STOCKWATCH.ID (JAKARTA) – Otoritas Jasa Keuangan (OJK) memperpanjang kebijakan restrukturisasi kredit atau pembiayaan terhadap segmen, sektor, industri dan daerah tertentu (targeted) yang memerlukan waktu tambahan untuk pulih akibat pandemi Covid-19 hingga 31 Maret 2024. Hal itu disampaikan oleh Darmansyah, Direktur Humas OJK, dalam keterangan tertulis di Jakarta, Senin (28/11).
Adapun latar belakang diambilnya kebijakan ini, menurut Darmansyah, lantaran OJK menilai saat ini ketidakpastian ekonomi global tetap tinggi. Ini antara lain disebabkan oleh normalisasi kebijakan ekonomi global oleh Bank Sentral AS (the Fed). Selain itu, terjadi ketidakpastian kondisi geopolitik, serta laju inflasi yang tinggi. “Perlambatan pertumbuhan ekonomi dunia ke depan tidak terhindarkan sebagaimana diprakirakan oleh berbagai lembaga internasional,” ujarnya.
Di sisi lain, lanjut dia, pemulihan perekonomian nasional terus berlanjut seiring dengan lebih terkendalinya pandemi dan normalisasi kegiatan ekonomi masyarakat.
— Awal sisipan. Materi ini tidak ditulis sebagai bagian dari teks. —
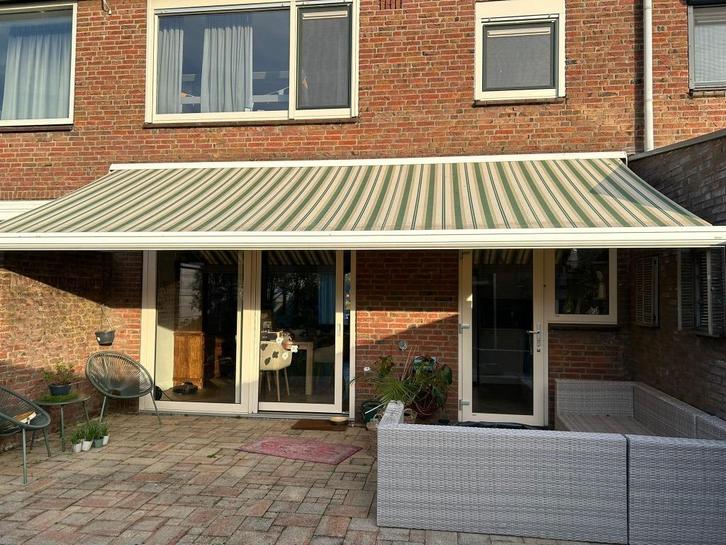 Elektrisch Zonnescherm 6m – Perfecte staat, Tuin en Terras, Zonneschermen, Zo goed als nieuw, Knikarmscherm, 150 tot 300 cm, 450 cm of meer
Sebagian besar sektor dan industri Indonesia telah kembali tumbuh kuat. “Sekalipun demikian, berdasarkan analisis mendalam dijumpai beberapa pengecualian akibat dampak berkepanjangan pandemi Covid-19 (scarring effect),” imbuh Darmansyah.
Untuk diketahui, kebijakan restrukturisasi kredit atau pembiayaan akan berakhir pada Maret 2023. Adapun sektoral dan targeted yang mendapat tambahan waktu restrukturisasi kredit dari OJK sampai dengan 31 Maret 2024 yakni segmen UMKM yang mencakup seluruh sektor, sektor penyediaan akomodasi dan makan-minumdan beberapa industri yang menyediakan lapangan kerja besar, yaitu industri tekstil dan produk tekstil (TPT) serta industri alas kaki.
“Kebijakan ini dilakukan secara terintegrasi dan berlaku bagi perbankan dan perusahaan pembiayaan,” jelas Darmansyah.
Sementara itu, kebijakan restrukturisasi kredit atau pembiayaan yang ada dan bersifat menyeluruh dalam rangka pandemi Covid-19 masih berlaku sampai Maret 2023. Lembaga Jasa Keuangan (LJK) dan pelaku usaha yang masih membutuhkan kebijakan tersebut, dapat menggunakan kebijakan dimaksud sampai dengan Maret 2023 dan akan tetap berlaku sampai dengan berakhirnya perjanjian kredit/pembiayaan antara LJK dengan debitur.
“OJK akan terus mencermati perkembangan perekonomian global dan dampaknya terhadap perekonomian nasional, termasuk fungsi intermediasi dan stabilitas sistem keuangan. Dalam kaitan itu, OJK tetap meminta agar LJK mempersiapkan buffer yang memadai untuk memitigasi risiko-risiko yang mungkin timbul. OJK juga akan merespon secara proporsional perkembangan lebih lanjut dengan tetap mengedepankan stabilitas sistem keuangan serta menjaga momentum pemulihan ekonomi nasional,” pungkas Darmansyah.